S'agissant du parasitisme, et faute pour M. [R] de justifier de ses investissements, il ne saurait établir que la société Label Agence s'est placée dans son sillage pour profiter de ses investissements sans bourse délier, et il sera débouté de sa demande au titre du parasitisme.

Il sera précisé que la demande de M. [R] au titre de la marque d'usage n'a été présentée que subsidiairement, s'il n'était pas fait droit en tout ou partie aux demandes de contrefaçon des marques n° 289 et 300, demandes auxquelles il a été fait droit.

Au vu de la durée des faits de concurrence déloyale, la société Label Agence sera condamnée au versement à M. [R] de la somme de 10.000 €.

Sur les autres demandes,

Si M. [R] sollicite une mesure d'interdiction, cette demande n'est pas soutenue dans le corps de ses conclusions comme le prévoit l'article 954 du code de procédure civile. Aussi, et la marque n°289 n'ayant pas été renouvelée et la déchéance de la marque n° 300 étant prononcée, il ne sera pas fait droit à la demande d'interdiction sollicitée par M. [R].

Au vu de la décision, la société Label Agence sera déboutée de sa demande au titre de l'appel abusif.

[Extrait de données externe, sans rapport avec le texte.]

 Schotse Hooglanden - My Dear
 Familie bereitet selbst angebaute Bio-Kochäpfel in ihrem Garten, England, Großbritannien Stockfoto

La société Label Agence succombant au principal, elle sera condamnée au paiement des dépens de 1ère instance et d'appel, ainsi qu'au versement de la somme de 8.000 € sur le fondement de l'article 700 du code de procédure civile.

PAR CES MOTIFS

Statuant par arrêt contradictoire, dans les limites de la cassation,

Rejette les demandes d'irrecevabilité présentées par la société Label Agence,

Infirme le jugement en ce qu'il a débouté M. [R] de sa demande en contrefaçon de la marque "sysoft" n° 134012300, et l'a condamné au paiement des frais irrépétibles et dépens,

Prononce la déchéance de la marque "sysoft" n° 134012300 à compter du 20 décembre 2018,

Dit que la société Label Agence a commis des actes de contrefaçon de la marque "sysoft" n° 013110289 du 19 novembre 2010 au 9 juillet 2011, et de la marque n° 134012300 du 5 juin 2017 au 20 décembre 2018,

Dit que la société Label Agence a commis des actes de concurrence déloyale,

Condamne la société Label Agence au paiement des sommes de 20.000 € en réparation des faits de contrefaçon, et de 10.000 € au titre des faits de concurrence déloyale,

Déboute les parties de toutes leurs autres demandes,

Condamne la société Label Agence au paiement des dépens de 1ère instance et d'appel, ainsi qu'au versement de la somme de 8.000 € à M. [R] en application de l'article 700 du code de procédure civile.

Prononcé publiquement par mise à disposition de l'arrêt au greffe de la cour, les parties en ayant été préalablement avisées dans les conditions prévues au deuxième alinéa de l'article 450 du code de procédure civile.